[Task instructions]
In the entries below, find the line with "හඳුනා ගනිමින් ඒවා" and the line with "études de cas portant sur l’analyse des". Print those two and everything between them exactly, and nothing else.

Content starts

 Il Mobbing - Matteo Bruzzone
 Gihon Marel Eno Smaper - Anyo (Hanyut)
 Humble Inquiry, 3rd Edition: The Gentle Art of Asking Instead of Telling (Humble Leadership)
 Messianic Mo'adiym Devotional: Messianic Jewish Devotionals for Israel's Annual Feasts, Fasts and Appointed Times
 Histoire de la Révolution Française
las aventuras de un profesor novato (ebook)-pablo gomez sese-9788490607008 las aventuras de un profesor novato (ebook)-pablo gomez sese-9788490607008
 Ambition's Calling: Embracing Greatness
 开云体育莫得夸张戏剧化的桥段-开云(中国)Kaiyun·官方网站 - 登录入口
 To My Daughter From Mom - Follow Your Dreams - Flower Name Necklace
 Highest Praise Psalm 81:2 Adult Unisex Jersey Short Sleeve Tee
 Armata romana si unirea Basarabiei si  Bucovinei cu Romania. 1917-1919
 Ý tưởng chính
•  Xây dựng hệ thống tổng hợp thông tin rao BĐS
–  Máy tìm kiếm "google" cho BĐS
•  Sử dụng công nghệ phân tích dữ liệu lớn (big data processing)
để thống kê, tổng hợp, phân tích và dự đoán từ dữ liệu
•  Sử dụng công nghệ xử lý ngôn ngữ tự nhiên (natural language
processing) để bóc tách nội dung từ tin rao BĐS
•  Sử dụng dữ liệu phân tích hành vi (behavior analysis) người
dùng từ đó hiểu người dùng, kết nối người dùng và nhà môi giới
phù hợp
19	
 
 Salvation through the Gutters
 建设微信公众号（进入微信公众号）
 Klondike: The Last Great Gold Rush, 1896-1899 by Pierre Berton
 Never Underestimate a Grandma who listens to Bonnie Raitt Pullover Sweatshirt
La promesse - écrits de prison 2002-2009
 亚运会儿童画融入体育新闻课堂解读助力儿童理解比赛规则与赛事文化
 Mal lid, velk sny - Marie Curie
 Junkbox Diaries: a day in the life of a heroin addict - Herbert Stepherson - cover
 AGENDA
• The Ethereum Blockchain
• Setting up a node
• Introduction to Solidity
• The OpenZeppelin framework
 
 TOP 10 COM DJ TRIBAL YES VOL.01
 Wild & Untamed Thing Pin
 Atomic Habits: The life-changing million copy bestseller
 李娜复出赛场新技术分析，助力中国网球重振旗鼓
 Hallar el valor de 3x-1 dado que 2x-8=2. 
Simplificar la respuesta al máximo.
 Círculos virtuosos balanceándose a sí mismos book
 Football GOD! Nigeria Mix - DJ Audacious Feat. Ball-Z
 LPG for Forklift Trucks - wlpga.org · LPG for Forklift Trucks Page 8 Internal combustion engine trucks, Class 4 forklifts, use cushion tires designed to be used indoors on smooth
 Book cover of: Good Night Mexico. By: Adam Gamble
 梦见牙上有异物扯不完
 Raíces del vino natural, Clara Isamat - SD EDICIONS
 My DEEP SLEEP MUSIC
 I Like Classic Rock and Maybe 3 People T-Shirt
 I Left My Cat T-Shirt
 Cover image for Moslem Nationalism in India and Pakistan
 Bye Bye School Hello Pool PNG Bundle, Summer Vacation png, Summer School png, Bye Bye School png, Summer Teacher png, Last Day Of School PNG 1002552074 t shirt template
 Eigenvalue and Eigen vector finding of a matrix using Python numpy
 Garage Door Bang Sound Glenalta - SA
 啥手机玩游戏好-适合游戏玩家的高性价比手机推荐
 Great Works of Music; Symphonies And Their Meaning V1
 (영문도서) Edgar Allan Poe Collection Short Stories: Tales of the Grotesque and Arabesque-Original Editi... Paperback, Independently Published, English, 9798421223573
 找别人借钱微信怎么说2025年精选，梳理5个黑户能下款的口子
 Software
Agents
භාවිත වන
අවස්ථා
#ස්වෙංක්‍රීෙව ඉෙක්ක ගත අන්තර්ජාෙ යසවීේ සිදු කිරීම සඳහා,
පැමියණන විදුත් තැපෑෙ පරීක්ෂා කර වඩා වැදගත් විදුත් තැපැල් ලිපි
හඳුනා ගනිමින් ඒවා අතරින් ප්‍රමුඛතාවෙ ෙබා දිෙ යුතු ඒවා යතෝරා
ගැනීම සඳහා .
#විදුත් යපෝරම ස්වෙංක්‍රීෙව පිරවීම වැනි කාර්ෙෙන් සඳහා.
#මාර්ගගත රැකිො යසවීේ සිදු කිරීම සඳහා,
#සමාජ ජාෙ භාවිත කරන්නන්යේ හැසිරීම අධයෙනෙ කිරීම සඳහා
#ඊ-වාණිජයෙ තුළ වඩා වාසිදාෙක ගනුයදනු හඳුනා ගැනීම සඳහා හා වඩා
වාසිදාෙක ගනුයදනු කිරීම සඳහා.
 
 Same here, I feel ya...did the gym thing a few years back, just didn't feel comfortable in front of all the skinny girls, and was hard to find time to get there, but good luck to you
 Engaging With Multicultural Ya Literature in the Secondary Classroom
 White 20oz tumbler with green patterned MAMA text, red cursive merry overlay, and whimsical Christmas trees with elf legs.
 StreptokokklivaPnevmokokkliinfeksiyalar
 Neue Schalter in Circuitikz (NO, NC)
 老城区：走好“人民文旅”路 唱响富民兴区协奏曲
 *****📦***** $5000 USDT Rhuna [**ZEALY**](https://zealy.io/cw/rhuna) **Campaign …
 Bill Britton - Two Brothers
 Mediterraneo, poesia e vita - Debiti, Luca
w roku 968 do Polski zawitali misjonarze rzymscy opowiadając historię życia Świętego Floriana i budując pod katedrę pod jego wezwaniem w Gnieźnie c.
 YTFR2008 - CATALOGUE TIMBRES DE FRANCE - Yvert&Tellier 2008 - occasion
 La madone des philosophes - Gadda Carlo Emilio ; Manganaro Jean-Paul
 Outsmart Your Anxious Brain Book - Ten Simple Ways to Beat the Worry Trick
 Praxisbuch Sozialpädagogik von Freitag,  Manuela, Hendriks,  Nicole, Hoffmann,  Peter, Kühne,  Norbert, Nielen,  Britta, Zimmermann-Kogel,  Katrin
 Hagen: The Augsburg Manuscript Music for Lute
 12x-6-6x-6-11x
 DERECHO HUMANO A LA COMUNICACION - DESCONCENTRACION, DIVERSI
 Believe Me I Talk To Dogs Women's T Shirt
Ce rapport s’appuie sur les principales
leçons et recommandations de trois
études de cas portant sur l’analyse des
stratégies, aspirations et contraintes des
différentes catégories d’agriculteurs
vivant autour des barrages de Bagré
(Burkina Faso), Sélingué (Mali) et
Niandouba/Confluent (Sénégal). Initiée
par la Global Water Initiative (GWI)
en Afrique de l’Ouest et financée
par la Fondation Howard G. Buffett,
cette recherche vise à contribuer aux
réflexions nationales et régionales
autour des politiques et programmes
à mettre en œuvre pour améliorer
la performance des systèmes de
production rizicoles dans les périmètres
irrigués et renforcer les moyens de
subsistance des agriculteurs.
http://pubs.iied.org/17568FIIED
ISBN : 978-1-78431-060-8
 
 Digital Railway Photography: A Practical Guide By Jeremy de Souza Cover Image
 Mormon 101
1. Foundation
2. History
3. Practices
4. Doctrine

Content ends

[The completed task]
හඳුනා ගනිමින් ඒවා අතරින් ප්‍රමුඛතාවෙ ෙබා දිෙ යුතු ඒවා යතෝරා
ගැනීම සඳහා .
#විදුත් යපෝරම ස්වෙංක්‍රීෙව පිරවීම වැනි කාර්ෙෙන් සඳහා.
#මාර්ගගත රැකිො යසවීේ සිදු කිරීම සඳහා,
#සමාජ ජාෙ භාවිත කරන්නන්යේ හැසිරීම අධයෙනෙ කිරීම සඳහා
#ඊ-වාණිජයෙ තුළ වඩා වාසිදාෙක ගනුයදනු හඳුනා ගැනීම සඳහා හා වඩා
වාසිදාෙක ගනුයදනු කිරීම සඳහා.
 
 Same here, I feel ya...did the gym thing a few years back, just didn't feel comfortable in front of all the skinny girls, and was hard to find time to get there, but good luck to you
 Engaging With Multicultural Ya Literature in the Secondary Classroom
 White 20oz tumbler with green patterned MAMA text, red cursive merry overlay, and whimsical Christmas trees with elf legs.
 StreptokokklivaPnevmokokkliinfeksiyalar
 Neue Schalter in Circuitikz (NO, NC)
 老城区：走好“人民文旅”路 唱响富民兴区协奏曲
 *****📦***** $5000 USDT Rhuna [**ZEALY**](https://zealy.io/cw/rhuna) **Campaign …
 Bill Britton - Two Brothers
 Mediterraneo, poesia e vita - Debiti, Luca
w roku 968 do Polski zawitali misjonarze rzymscy opowiadając historię życia Świętego Floriana i budując pod katedrę pod jego wezwaniem w Gnieźnie c.
 YTFR2008 - CATALOGUE TIMBRES DE FRANCE - Yvert&Tellier 2008 - occasion
 La madone des philosophes - Gadda Carlo Emilio ; Manganaro Jean-Paul
 Outsmart Your Anxious Brain Book - Ten Simple Ways to Beat the Worry Trick
 Praxisbuch Sozialpädagogik von Freitag,  Manuela, Hendriks,  Nicole, Hoffmann,  Peter, Kühne,  Norbert, Nielen,  Britta, Zimmermann-Kogel,  Katrin
 Hagen: The Augsburg Manuscript Music for Lute
 12x-6-6x-6-11x
 DERECHO HUMANO A LA COMUNICACION - DESCONCENTRACION, DIVERSI
 Believe Me I Talk To Dogs Women's T Shirt
Ce rapport s’appuie sur les principales
leçons et recommandations de trois
études de cas portant sur l’analyse des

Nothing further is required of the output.